One of the things to do this is to put the responsibilities within the people, I don't think it works when you do it top-down when you put all these seventy people in the room and tell them that from the next day they will be different. The key issue here is to make it work in such a way and provoke the reaction of thinking of the people themselves, putting them in front of what we want to achieve if the way we work is the best way. The best way to change is when people convince in that themselves. That's why I didn't want to change everything overnight because the system didn't exist at that time and if people are not convinced they wouldn't work. They had to see themselves that the old style would not work - and then change goes very quickly because the best way of convincing the person is making him talk to the one that was convinced before. We basically changed the company in a six months' time to the team approach with the fantastic results. It's easier if people immediately see the effect of that but as well it means that people are joining the new success, because the optimization man can have worse results than before if they feel part of the ultimate success.
10. It's very difficult to make people change if thing are going well anyway.
If things go wrong people are tempted to change anyhow, but if you are successful and you motivate to change, so it's a very hard thing to do.
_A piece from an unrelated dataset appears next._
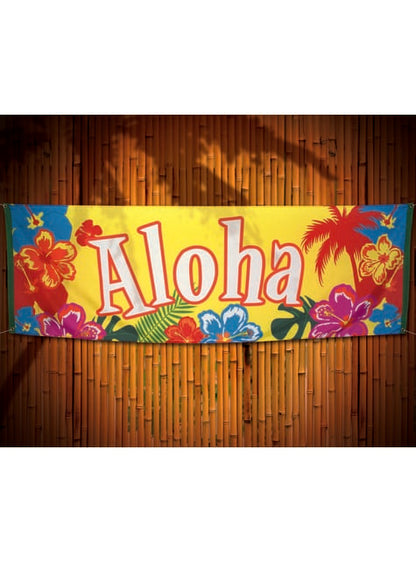 Bandera hawaiana aloha - Hibiscus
And usually it has to do with looking into the future because if we have our opinion and vision for the future other people may have another opinion to that and you'll have more discussion. Also as a leader of team you should convince in some cases or you'll see the team where some people will be convinced and agree with the change. And you'll see two types of people: some of them will say that they would do but they wouldn't do because they're not convinced and the other would say that they wouldn't do it because it's wrong. And here it comes a point when you ought to be clear: you're either with us or not with us. Even in the difficult situations I had an experience when you will say even to top people within the company that now the time of discussion is over. And if they don't join, you will do it without them. It's an important issue to put a team at No 1 and not compromise based on what one individual might look into.